— Exercise aim —
Below are records to return verbatim; the pictures are to be dropped.
★ ★ ★ ★ ★
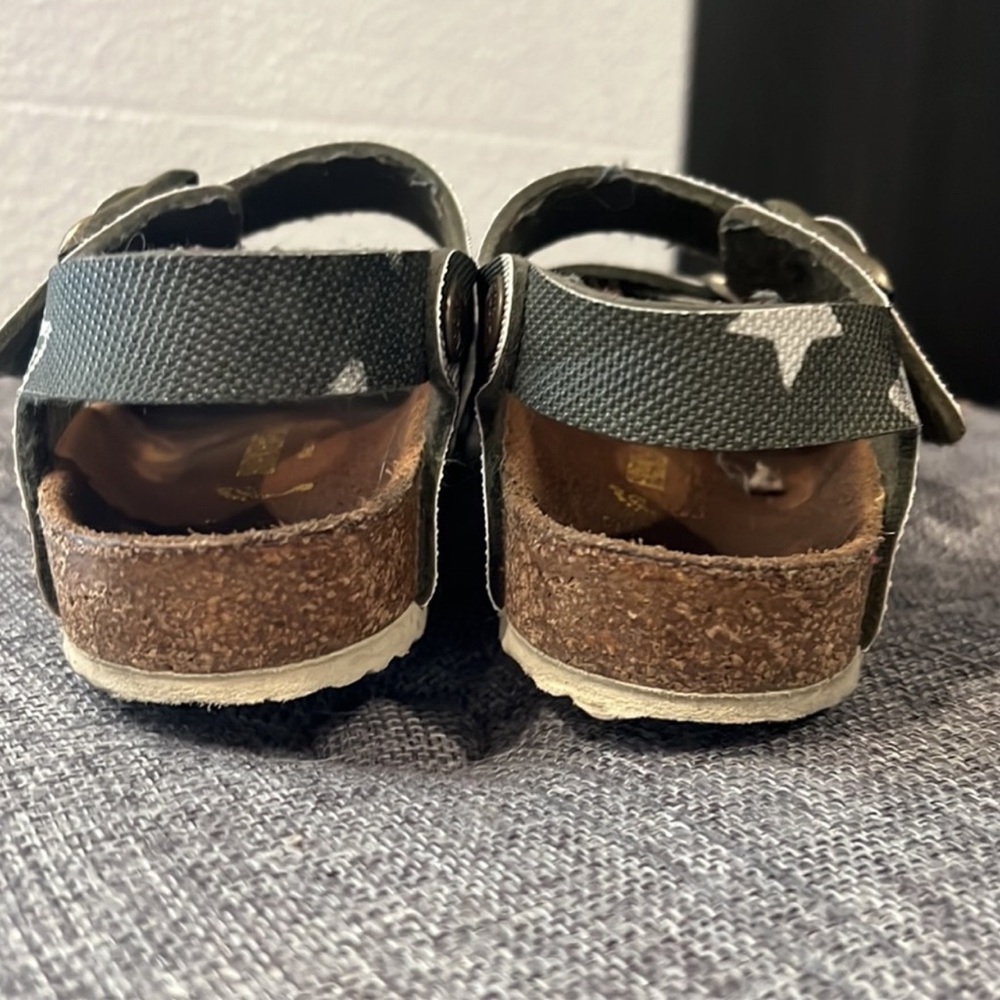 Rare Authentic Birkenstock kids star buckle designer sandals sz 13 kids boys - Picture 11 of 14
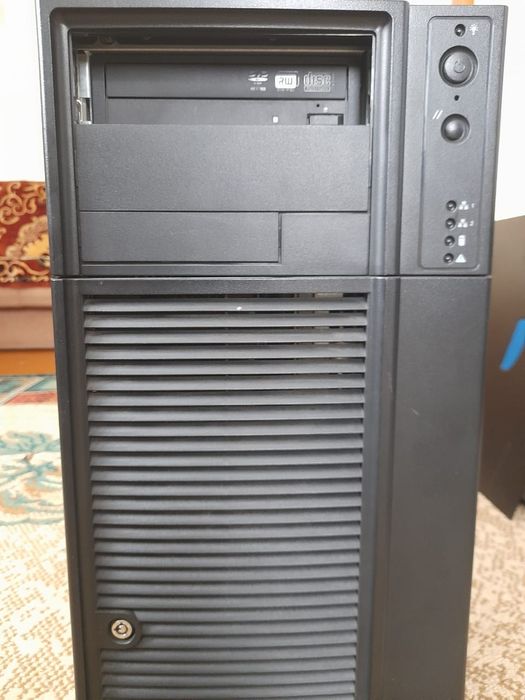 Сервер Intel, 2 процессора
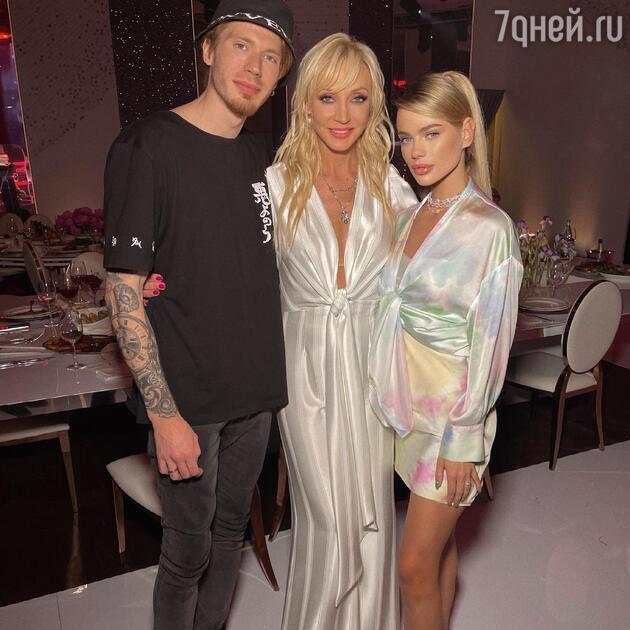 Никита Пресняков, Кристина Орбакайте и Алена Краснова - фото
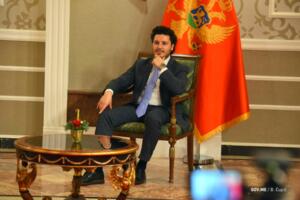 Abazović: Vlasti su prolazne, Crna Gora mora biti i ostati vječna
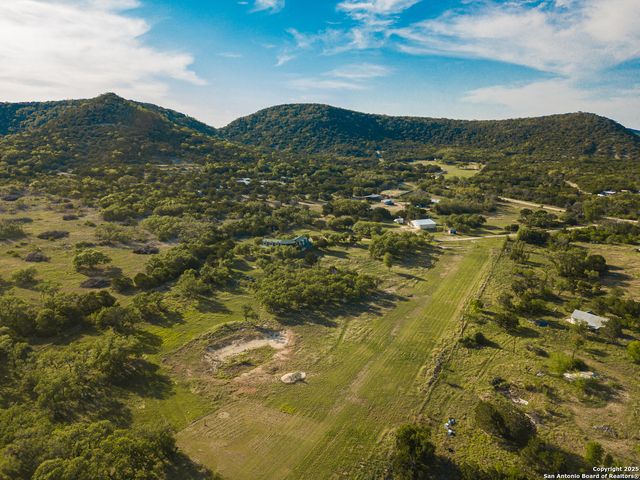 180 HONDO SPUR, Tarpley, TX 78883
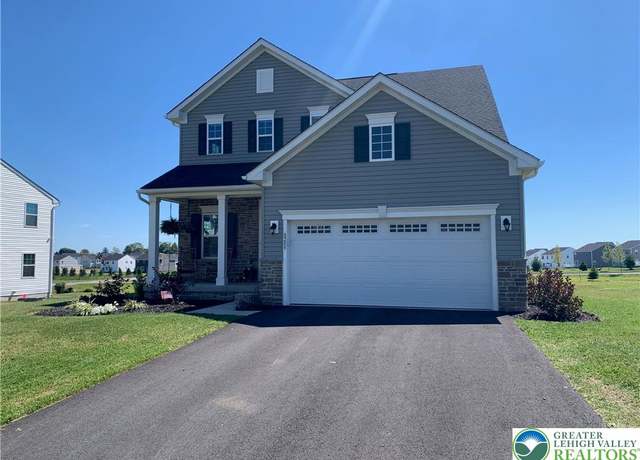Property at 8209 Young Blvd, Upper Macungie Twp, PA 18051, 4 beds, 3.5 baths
★ ★ ★ ★ ★
— Task response —
 Rare Authentic Birkenstock kids star buckle designer sandals sz 13 kids boys - Picture 11 of 14
 Сервер Intel, 2 процессора
 Никита Пресняков, Кристина Орбакайте и Алена Краснова - фото
 Abazović: Vlasti su prolazne, Crna Gora mora biti i ostati vječna
 180 HONDO SPUR, Tarpley, TX 78883
Property at 8209 Young Blvd, Upper Macungie Twp, PA 18051, 4 beds, 3.5 baths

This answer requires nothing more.